_ACTION ITEM_: Those lines of the records that contain "have" are to be located and copied.

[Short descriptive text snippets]
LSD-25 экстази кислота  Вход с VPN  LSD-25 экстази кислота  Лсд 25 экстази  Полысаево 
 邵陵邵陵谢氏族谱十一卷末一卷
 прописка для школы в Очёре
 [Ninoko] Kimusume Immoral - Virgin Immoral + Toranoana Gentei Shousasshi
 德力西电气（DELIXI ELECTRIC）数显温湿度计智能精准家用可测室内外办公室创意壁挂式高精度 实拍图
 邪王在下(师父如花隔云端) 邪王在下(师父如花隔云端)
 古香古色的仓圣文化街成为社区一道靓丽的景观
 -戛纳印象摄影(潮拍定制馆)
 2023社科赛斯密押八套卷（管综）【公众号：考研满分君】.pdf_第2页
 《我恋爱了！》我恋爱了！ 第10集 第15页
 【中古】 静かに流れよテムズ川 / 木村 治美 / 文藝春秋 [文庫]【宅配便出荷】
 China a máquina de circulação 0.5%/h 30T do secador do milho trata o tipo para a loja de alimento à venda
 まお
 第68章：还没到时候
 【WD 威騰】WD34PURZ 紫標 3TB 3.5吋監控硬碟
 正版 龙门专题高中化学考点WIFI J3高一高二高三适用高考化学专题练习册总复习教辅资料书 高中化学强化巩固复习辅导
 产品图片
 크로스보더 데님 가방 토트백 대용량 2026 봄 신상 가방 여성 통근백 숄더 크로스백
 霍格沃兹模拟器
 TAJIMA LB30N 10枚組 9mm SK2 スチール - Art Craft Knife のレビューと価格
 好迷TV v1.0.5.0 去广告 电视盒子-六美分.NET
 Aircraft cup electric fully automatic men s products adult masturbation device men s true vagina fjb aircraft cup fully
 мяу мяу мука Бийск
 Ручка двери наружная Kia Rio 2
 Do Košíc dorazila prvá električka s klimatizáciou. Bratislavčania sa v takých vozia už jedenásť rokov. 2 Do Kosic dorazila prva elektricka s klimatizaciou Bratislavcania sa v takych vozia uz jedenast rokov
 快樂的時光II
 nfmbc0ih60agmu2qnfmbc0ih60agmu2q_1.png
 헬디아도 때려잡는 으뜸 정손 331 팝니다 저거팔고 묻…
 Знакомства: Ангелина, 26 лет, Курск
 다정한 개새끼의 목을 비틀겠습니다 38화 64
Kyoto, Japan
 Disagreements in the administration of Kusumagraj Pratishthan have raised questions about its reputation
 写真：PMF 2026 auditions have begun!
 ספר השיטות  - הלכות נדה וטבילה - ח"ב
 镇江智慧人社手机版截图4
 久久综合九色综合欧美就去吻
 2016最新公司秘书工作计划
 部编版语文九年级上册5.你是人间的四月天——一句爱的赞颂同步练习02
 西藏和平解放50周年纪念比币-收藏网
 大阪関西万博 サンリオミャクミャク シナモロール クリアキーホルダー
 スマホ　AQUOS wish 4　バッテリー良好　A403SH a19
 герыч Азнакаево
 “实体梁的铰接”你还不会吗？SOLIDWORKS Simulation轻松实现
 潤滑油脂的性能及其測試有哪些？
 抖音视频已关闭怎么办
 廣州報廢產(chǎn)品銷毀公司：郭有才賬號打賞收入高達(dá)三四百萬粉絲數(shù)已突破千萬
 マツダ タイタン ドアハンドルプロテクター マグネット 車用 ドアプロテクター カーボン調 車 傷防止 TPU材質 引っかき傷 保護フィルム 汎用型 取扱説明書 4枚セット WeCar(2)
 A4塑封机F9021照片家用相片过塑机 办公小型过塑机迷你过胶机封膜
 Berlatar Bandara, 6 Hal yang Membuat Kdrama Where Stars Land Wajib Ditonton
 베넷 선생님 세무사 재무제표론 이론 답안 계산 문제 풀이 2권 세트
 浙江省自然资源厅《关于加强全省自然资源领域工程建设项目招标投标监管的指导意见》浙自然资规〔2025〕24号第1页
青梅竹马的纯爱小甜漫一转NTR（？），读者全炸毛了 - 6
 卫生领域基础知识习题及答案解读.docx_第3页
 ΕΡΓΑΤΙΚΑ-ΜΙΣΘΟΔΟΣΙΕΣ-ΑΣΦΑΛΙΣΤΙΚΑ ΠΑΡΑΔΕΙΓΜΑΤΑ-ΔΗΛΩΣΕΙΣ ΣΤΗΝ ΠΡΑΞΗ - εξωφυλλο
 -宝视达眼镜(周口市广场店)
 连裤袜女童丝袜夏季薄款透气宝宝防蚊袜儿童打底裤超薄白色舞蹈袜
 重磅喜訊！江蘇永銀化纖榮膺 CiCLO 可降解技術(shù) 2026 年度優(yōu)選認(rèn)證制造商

_SOLUTION FOR THIS PROBLEM_:
 Disagreements in the administration of Kusumagraj Pratishthan have raised questions about its reputation
 写真：PMF 2026 auditions have begun!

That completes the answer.